Those experienced in going through COSL for external dispute resolution agree.

Is there a reluctance by COSL staff to deal effectively with "disputes" involving breaches of actual law by lenders?

Frankly COSL needs more "teeth" ie the capacity to take disciplinary action against lenders if they are to successfully manage disputes involving lenders and fraud. Lenders can and do use unfair tactics, especially with vulnerable borrowers inexperienced in the dispute resolution process. 

It would be fairer to everybody if all home mortgage disputes under the NCCP (Consumer Law and Codes) were overseen by the one EDR: FOS

In reality Fraud is crime and EDRs only handle disputes.
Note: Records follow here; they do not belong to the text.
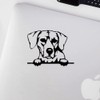 Decal Stickers of Rhodesian Ridgeback Peeking (Black) (Set of 2)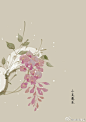 #365天生日花# 2月3日 小豆蔻 (Cardamine) 
花语 ：奉献 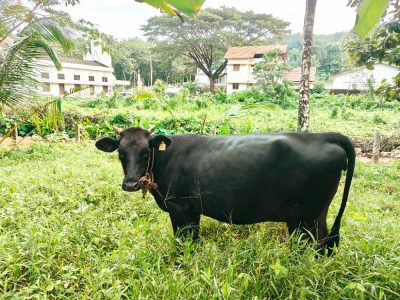 Healthy Black Dairy Cow - 8 Months Pregnant (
This COSL issue does affect a lot of consumers, as COSL and FOS are the only ASIC approved EDR services in Australia.


http://www.cosl.com.au/board-of-directors

The COSL Board

Under COSL’s Constitution, the Board must comprise an equal number of consumer and industry Directors, and an independent Chair. The COSL Board is responsible for overseeing the operations of the Credit Ombudsman Service, for ensuring independent decision-making of the Credit Ombudsman and staff of COSL and for preserving the independence of the scheme and of the COSL dispute resolution process.

 

Mark Scanlon

Independent Chair - since March 11

Mr Scanlon has an extensive background in financial services, with over 20 years in senior management positions, including a significant amount of time in mutual organisations.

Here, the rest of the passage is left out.